The Von Herbulises also have a house that’s set up well for being a host family, with a downstairs area that contains three bedrooms, a bathroom and a full kitchen. Like with the Nicholsons, word of mouth led to other players joining the household. In addition to Hoover, pitcher Michael Santos, outfielders Jack Larsen and Zach DeLoach, and catcher Jake Anchia have variously been put up at the Von Herbulis home.
“We have a son who played four years of college baseball and there were times he got shipped around he country and host families stepped up to take care of our son,” Bernie Von Herbulis said. “This is our way of paying it forward, because we appreciated what other families did for our son.
“On top of that, Lisa and I are parents of six boys, and although all of them are out of the house, having young men marching around the house doing the stupid things young men do is normal for us.”
All of this was done in a somewhat clandestine manner, as the Sox couldn’t be involved, and the host families didn’t want to incur the wrath of Major League Baseball — and everyone in all the households was vaccinated against COVID-19 to ensure safety. The Von Herbulises went so far as to create official rental agreements to make sure no one would get in trouble.
Rick and Catherine Davis haven’t housed any Sox players this season, as their modest south Everett home only has room for Sox athletic trainer Brennan Mickelson, whom they’ve hosted since 2019. But they’ve gone above and beyond to help those who are perhaps the most in need of housing assistance, the Sox’s Latino players.
About a month into the season Mickelson and Davis were approached by pitchers Juan Then and Dayeison Arias, who were struggling with the financial burden of staying in a hotel.
“I know that some of the players, especially those who aren’t bonus babies like Julio Rodriguez, were struggling,” Rick Davis said. “We’ve been around the AquaSox and Mariner organizations for a very long time (Rick Davis is heavily involved in the Little League Challenger Division) and a lot of the Latin players are like family to us. I learned over the years that most of those kids send 80-90% of their pay back home to help their families.”
With the Sox’s hands tied, and with the Latino players facing the added complication of a potential language barrier, Rick Davis decided to take matters into his own hands, starting a Facebook campaign to try and find them host families. Within a week he had Then and Arias placed in homes. He was also able to get pitchers Igor Januario and Ben Onyshko (who is Canadian) and outfielder Victor Labrada placed.
“It’s hard to get people on board with this,” Rick Davis said. “The big thing is people are afraid of the language barrier. But most of the players will put in the effort to learn English if you give it a chance, if you sit and talk to them.
“It’s been fun. I wish I could help more.”
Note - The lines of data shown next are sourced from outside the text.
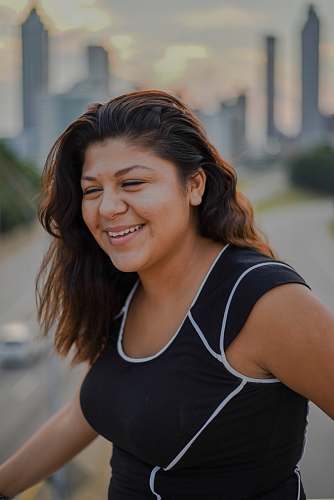 person woman wearing black crew-neck tank dress clothing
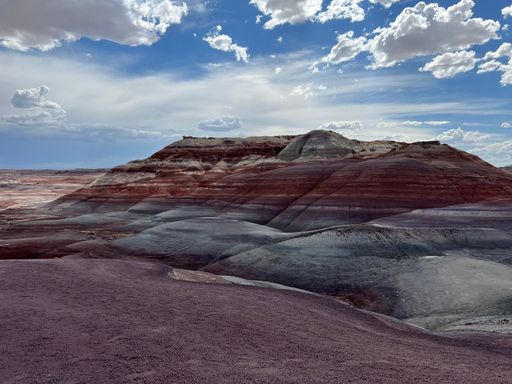 A scenic desert landscape with hills and a bright blue sky with white clouds scattered throughout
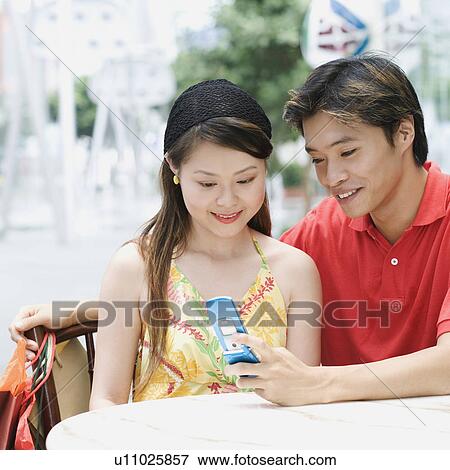 Close-up of a young couple sitting in a cafeteria and looking at mobile phone View Large Photo Image Stock Photo - Close-up of a young couple sitting in a cafeteria and looking at mobile phone. Fotosearch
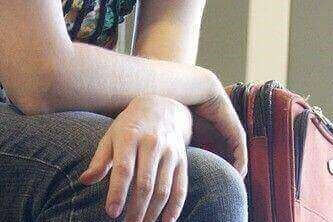 A person waits at the airport while traveling for work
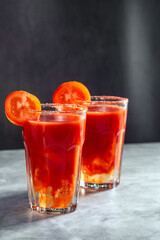 Two vegetable shaken cocktails in glass on dark grey background. Red tomato cocktail. Served with tomato slice. Vegan menu.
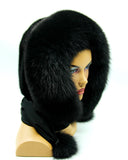 Black mink fur hood scarf wrap with polar fox trim worn by woman, front three-quarter view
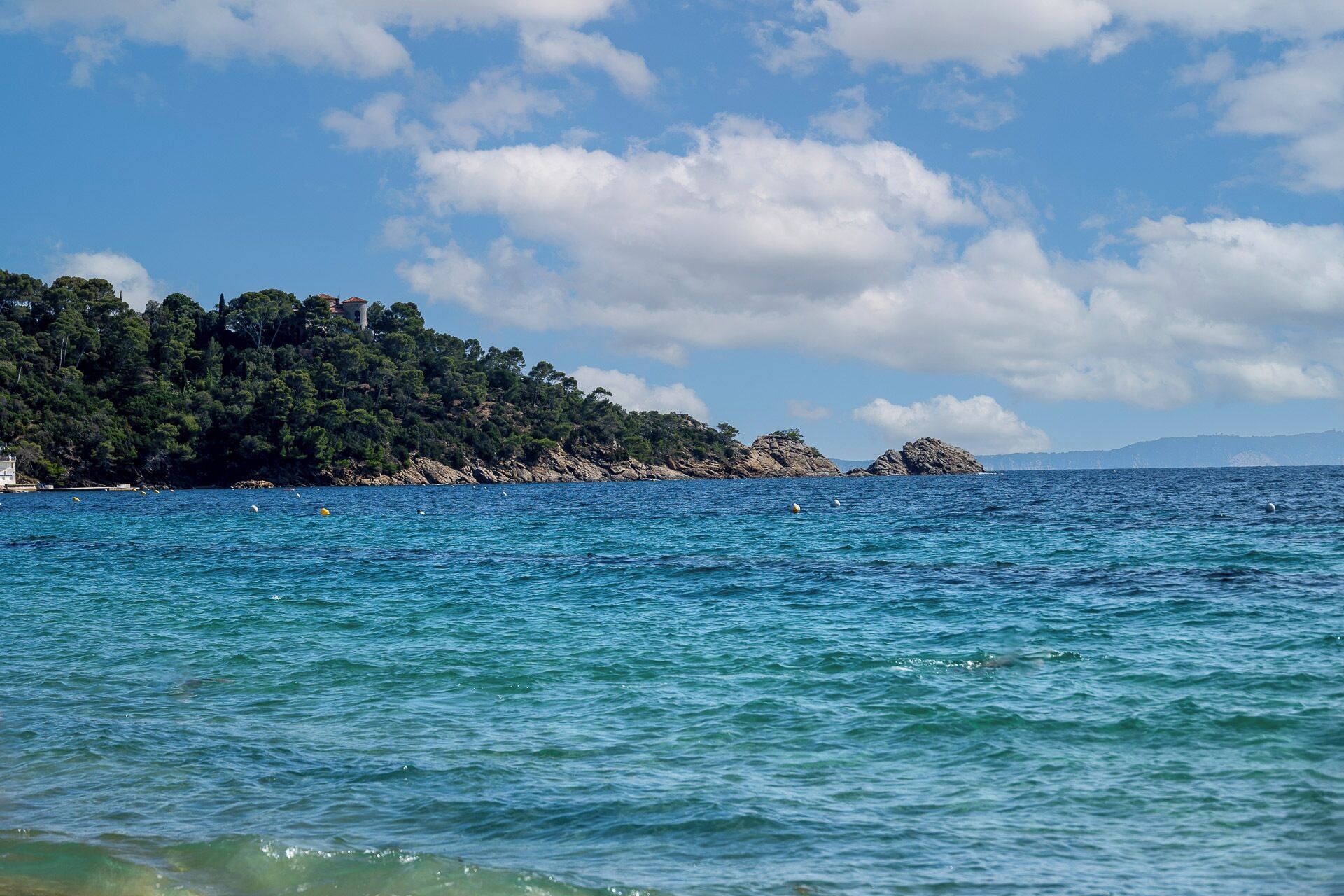 Eine Küstenlandschaft mit klarem, blauem Wasser, Felsformationen und einem bewaldeten Hügel.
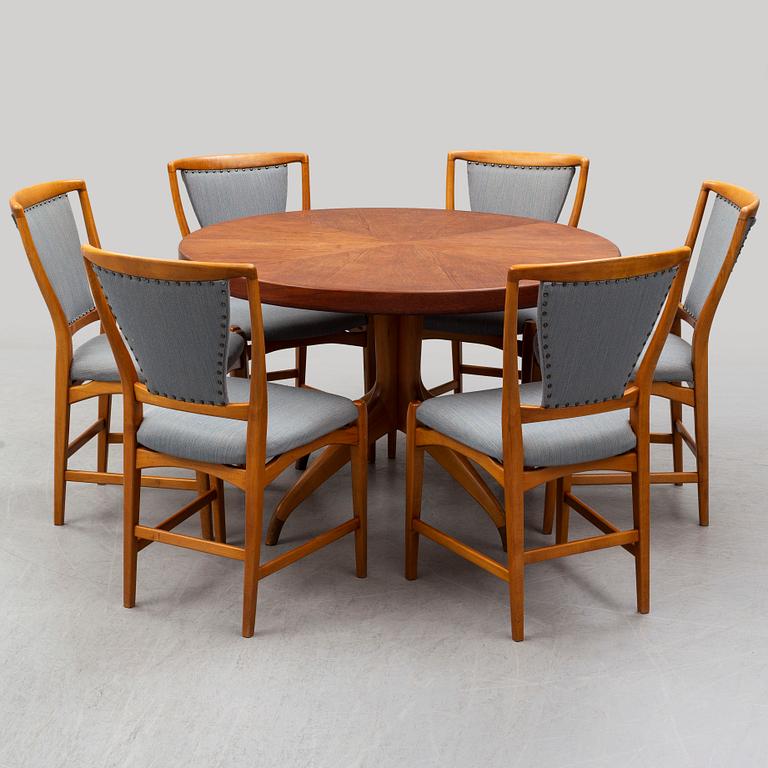 A teak and beech dining table and 6 chairs. Mid 20th century.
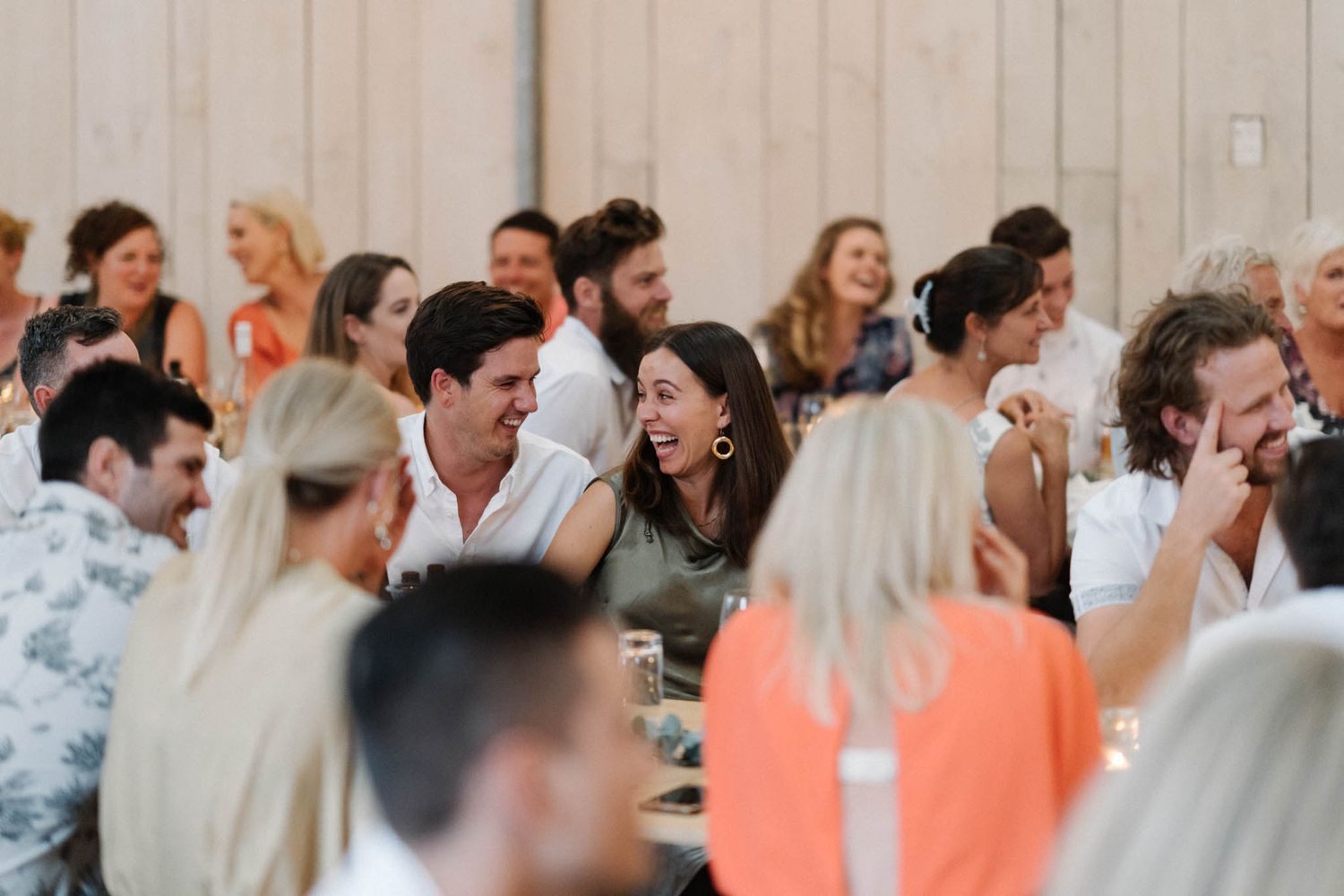A candid shot of wedding guests laughing and enjoying themselves at reception tables.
Mission partially accomplished
The AquaSox host families weren’t able to get the whole team housed, as maybe half of Everett’s players were able to find spots with host families. That means the other half is still dealing with the expense and inconvenience of hotels and dorms.
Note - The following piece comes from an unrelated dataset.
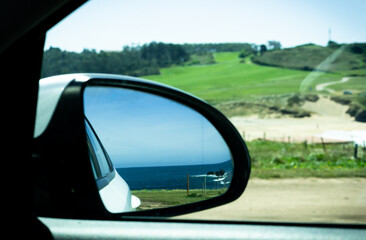 Looking at the sea from the rear-view mirror of our car, summer holidays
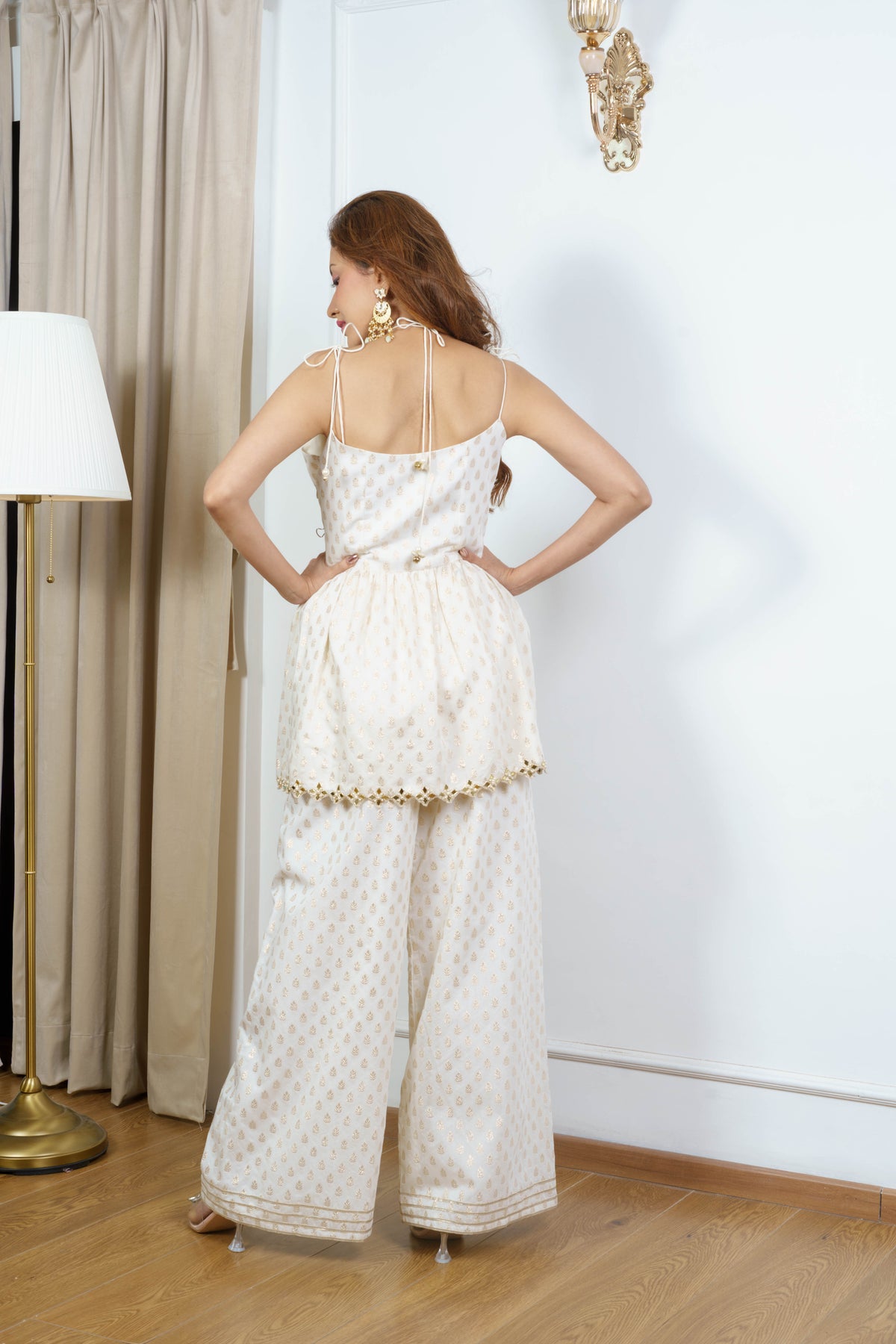 GAUHAR ivory peplum kurta with double tie-up bead-end straps by Neha Sharma Label.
But even getting half the team housed is a tremendous accomplishment, considering it required the host families to figure all of it out on their own.
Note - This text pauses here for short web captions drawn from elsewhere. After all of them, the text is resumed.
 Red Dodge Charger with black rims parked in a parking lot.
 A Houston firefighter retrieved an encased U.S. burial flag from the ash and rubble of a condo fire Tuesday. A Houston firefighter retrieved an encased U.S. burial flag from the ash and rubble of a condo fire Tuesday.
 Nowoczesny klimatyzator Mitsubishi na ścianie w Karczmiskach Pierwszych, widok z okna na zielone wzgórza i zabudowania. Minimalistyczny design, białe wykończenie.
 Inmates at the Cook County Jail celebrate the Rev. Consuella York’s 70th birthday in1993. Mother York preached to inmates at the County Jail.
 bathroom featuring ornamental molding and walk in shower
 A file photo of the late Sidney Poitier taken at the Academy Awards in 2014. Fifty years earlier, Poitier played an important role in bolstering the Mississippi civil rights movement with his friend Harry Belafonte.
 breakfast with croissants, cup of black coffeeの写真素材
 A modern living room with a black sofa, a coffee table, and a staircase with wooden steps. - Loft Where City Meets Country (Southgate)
“The willingness of host families to continue to provide housing for guys is valuable beyond description,” said Tetzlaff, who was forced to stay out of the process. “We appreciate it more than we could ever express.”
Several weeks ago Major League Baseball lifted its restrictions on host families, which is great for next season, but too late to get all the players housed this season. Tetzlaff said the plan is for the Sox to resume finding host families for its players next season.
But thanks to host families stepping up to the plate and taking matters into their own hands, many of the Sox were able to navigate the 2021 pandemic season without the added stress of trying to figure out where and how to live.